Founders need to care about where the market will be when they are ready to serve it – to project the intersection between their vision and market trends. They need to care about where the market will be in 6 months, a year, two years, five years. To anticipate that moment of perfect product-market fit, where it all starts. They have to see beyond that too, to the growth and further development of a market, and how they will keep delivering over time. Mark Suster put it perfectly: “Invest in Lines, not Dots” – he was referring to his relationship with a team, but clearly the “line” has to extend out into the future.
Some “lines” are clear. Smartphones experience ever wider adoption. Wireless data will become more pervasive. Our lives will move from our hard drives into the cloud. These trends have already started. If these trends appear on my pitch deck, investors will either nod sagely, or wonder if I am perhaps just a little behind the times – these trends are obvious.
What happens when the line isn’t clear? What happens when I am predicting change in an industry or market that even the experts in that industry don’t yet get? I have no traction, because I am looking at where they will be in five years – looking into a future they haven’t yet imagined because they are so preoccupied dealing with the present? I will have no traction today, tomorrow, next month, or even next year. No traction and no revenue. I am aiming for the stars.
Do I have a bold vision? Have I plotted a line that is so far ahead of the market that my lead in meeting a future need will be unassailable by the time we get there? Or am I deranged – imagining a future that will never come? Will funds I raise be invested in building the next big thing, or squandered on a mirage that retreats into the distance as I approach, eventually evaporating completely?

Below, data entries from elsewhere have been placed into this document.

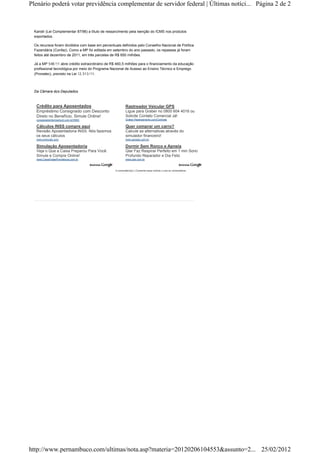 Kandir (Lei Complementar 87/96) a título de ressarcimento pela isenção do ICMS nos produtos
exportados.
Os recursos foram divididos com base em percentuais definidos pelo Conselho Nacional de Política
Fazendária (Confaz). Como a MP foi editada em setembro do ano passado, os repasses já foram
feitos até dezembro de 2011, em três parcelas de R$ 650 milhões.
Já a MP 548/11 abre crédito extraordinário de R$ 460,5 milhões para o financiamento da educação
profissional tecnológica por meio do Programa Nacional de Acesso ao Ensino Técnico e Emprego
(Pronatec), previsto na Lei 12.513/11.
Da Câmara dos Deputados
0 comentário(s) | Comente essa notícia | Leia os comentários
Crédito para Aposentados
Empréstimo Consignado com Desconto
Direto no Benefício. Simule Online!
consignadointermedium.com.br/INSS
Cálculos INSS compre aqui
Revisão Aposentadoria INSS. Nós fazemos
os seus cálculos
www.previcalc.com
Simulação Aposentadoria
Veja o Que a Caixa Preparou Para Você.
Simule e Compre Online!
www.CaixaVidaePrevidencia.com.br
Rastreador Veicular GPS
Ligue para Graber no 0800 604 4016 ou
Solicite Contato Comercial Já!
Graber-Rastreamento.com/Contrate
Quer comprar um carro?
Calcule as alternativas através do
simulador financeiro!
www.apogeo.com.br
Dormir Sem Ronco e Apneia
Qiar Faz Respirar Perfeito em 1 min Sono
Profundo Reparador e Dia Feliz
www.qiar.com.br
Página 2 de 2Plenário poderá votar previdência complementar de servidor federal | Últimas notíci...
25/02/2012http://www.pernambuco.com/ultimas/nota.asp?materia=20120206104553&assunto=2...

I think that even for truly bold visions and great ideas that are ahead of their time, there must be some market opportunity in the here and now. The line must start now, not at some unspecified point in the future. If a vision is so bold, or an idea so great, that it can generate no traction whatsoever in the market as it stands today, it is also un-investable in the market today. Perhaps it is even less investable that a dot that represents an huge and immediate opportunity?
We need lines, not dots, and we need lines that start in the here and now.